Lei arriva a Bari con l’esperienza della Facoltà teologica di Posillipo, a Napoli, che sul Mediterraneo sta ormai riflettendo da quattro anni. Come è nato questo interesse specifico?
«Quando i gesuiti italiani hanno allargato la loro Provincia, diventata Euromediterranea, anche la Facoltà loro affidata ha deciso di ripensare il modo di fare teologia. Nella nostra Sezione, e secondo la ratio studiorum della Compagnia di Gesù, la riflessione teologica non si è mai costruita in maniera astratta, ma si è sempre confrontata con la storia e con i diversi saperi. Da quattro anni abbiamo messo a fuoco il tema del Mediterraneo quale contesto a partire dal quale fare teologia. E così nato questo progetto, che attualmente coordino con il professor Armando Nugnes, di un Biennio di Specializzazione in Teologia fondamentale proprio sull’”esperienza religiosa nel Mediterraneo”, come ponte per una cultura dell’incontro, che ha tra i docenti anche professori musulmani ed ebrei. Il presupposto, che ha guidato anche il recente viaggio studio di novembre a Gerusalemme, è che il dialogo della vita non esclude uno sbocco nella riflessione teologica. La dichiarazione sulla fratellanza firmata ad Abu Dhabi d’altra parte non delinea solo una strategia di collaborazione, ma ribadisce la fede nell’unico Dio come principio dell’incontro e del dialogo possibile tra le religioni. È la fede in Dio che porta a riconoscerci come fratelli. L’incontro tra religioni deve avere un terreno comune ed è l’esperienza religiosa. Nel nostro percorso di studi partiamo da questa esperienza, ossia dall’esperienza di Dio che è presente nelle diverse religioni ma che è data di per sé a ogni essere umano, anche nell’assenza o nella negazione. Un’esperienza che ha nella rivelazione di Dio in Gesù Cristo il suo principio di comprensione e di verità».
Da questo lavoro confluito nel convegno che ha avuto come relatore anche Francesco, sono partite nuove iniziative che potrebbero servire da apripista all’appuntamento di Bari. Può spiegarci di cosa si tratta?

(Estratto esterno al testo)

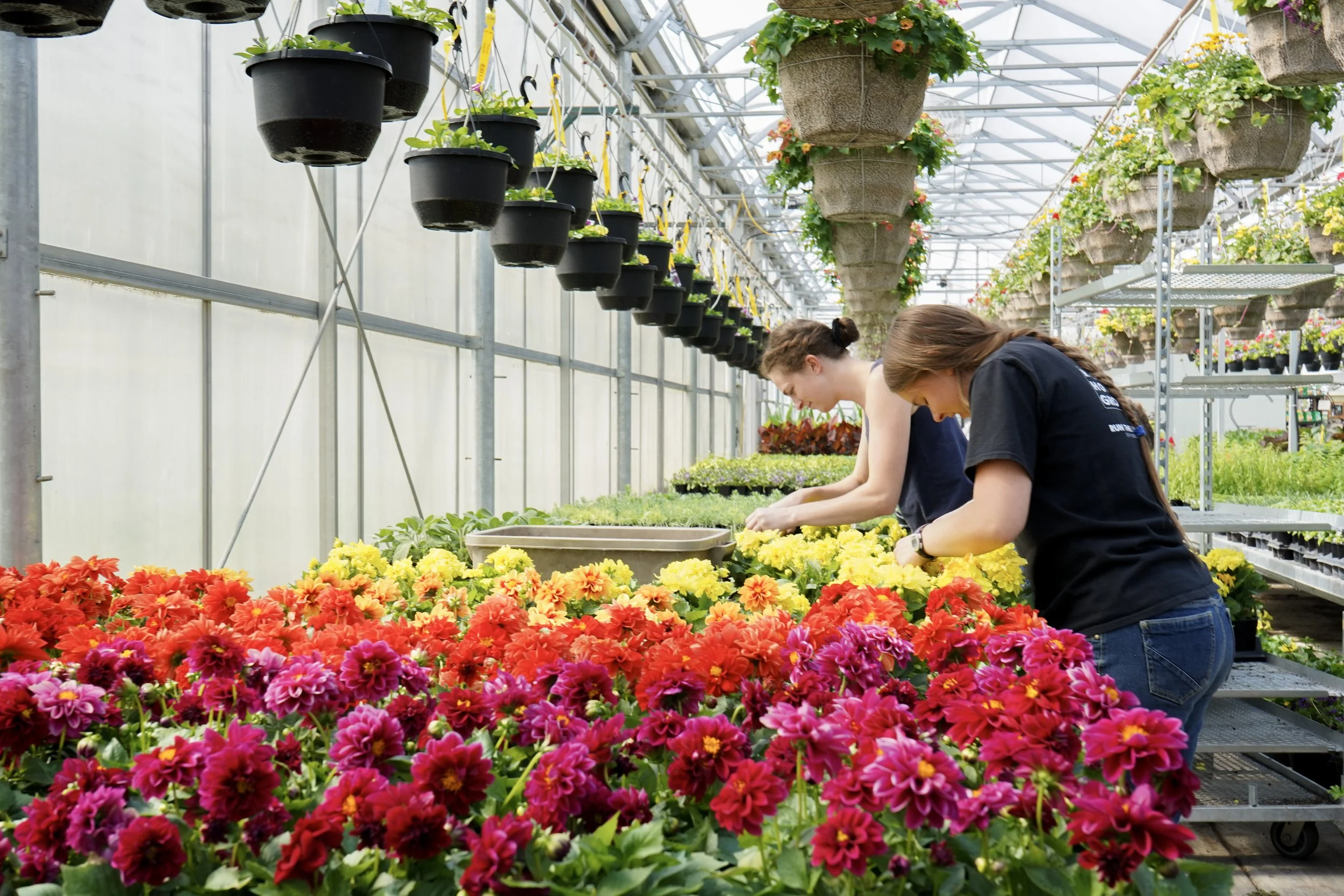 Staff tending to colorful annual flowers inside South Cooking Lake greenhouse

«Un progetto di ricerca triennale, con il contributo della Cei, intitolato “Il Mediterraneo come luogo teologico” che si sviluppa attraverso un percorso di studi seminariale con il coinvolgimento di docenti di alcune università del Sud, anche laiche, e di discipline diverse; una serie di incontri pubblici dedicati alle narrazioni del Mediterraneo - “Tra le terre” - inaugurati il 24 gennaio dall’analisi economica e politica di Romano Prodi; e iniziative che coinvolgono più direttamente gli studenti come gli scambi tra paesi del Mediterraneo avviati con l’esperienza dei corsi itineranti o l’incontro con testimoni di pace. Accanto a questo ci sono tutta una serie di iniziative che mettono la Facoltà al servizio del territorio. Si è avviato, infatti, un dialogo con i vescovi della Campania e del Meridione, con le istituzioni civili e quelle accademiche e uno dei risultati è il corso su “L’accoglienza, l’integrazione e l’educazione alla convivenza” in alcune scuole della diocesi di Teggiano-Policastro nelle quali si registra una considerevole presenza di giovani immigrati».